■ Data section ■
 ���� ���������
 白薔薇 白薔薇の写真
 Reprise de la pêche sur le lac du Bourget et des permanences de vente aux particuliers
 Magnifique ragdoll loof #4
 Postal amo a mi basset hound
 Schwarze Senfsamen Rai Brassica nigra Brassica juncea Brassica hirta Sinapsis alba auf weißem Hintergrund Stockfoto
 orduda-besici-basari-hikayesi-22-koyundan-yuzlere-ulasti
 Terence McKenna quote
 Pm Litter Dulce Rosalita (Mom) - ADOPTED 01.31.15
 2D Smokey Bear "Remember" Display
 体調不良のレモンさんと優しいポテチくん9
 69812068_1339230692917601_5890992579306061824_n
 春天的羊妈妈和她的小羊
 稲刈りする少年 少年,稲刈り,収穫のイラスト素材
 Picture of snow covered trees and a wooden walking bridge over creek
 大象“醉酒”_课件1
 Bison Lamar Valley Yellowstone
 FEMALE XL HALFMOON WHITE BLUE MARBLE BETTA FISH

■ What you need to do ■
Quote only the lines from the line containing "orduda-besici-basari-hikayesi-22-koyundan-yuzlere-ulasti" through the end of the entries, keeping the first and the last.

■ Task response ■
 orduda-besici-basari-hikayesi-22-koyundan-yuzlere-ulasti
 Terence McKenna quote
 Pm Litter Dulce Rosalita (Mom) - ADOPTED 01.31.15
 2D Smokey Bear "Remember" Display
 体調不良のレモンさんと優しいポテチくん9
 69812068_1339230692917601_5890992579306061824_n
 春天的羊妈妈和她的小羊
 稲刈りする少年 少年,稲刈り,収穫のイラスト素材
 Picture of snow covered trees and a wooden walking bridge over creek
 大象“醉酒”_课件1
 Bison Lamar Valley Yellowstone
 FEMALE XL HALFMOON WHITE BLUE MARBLE BETTA FISH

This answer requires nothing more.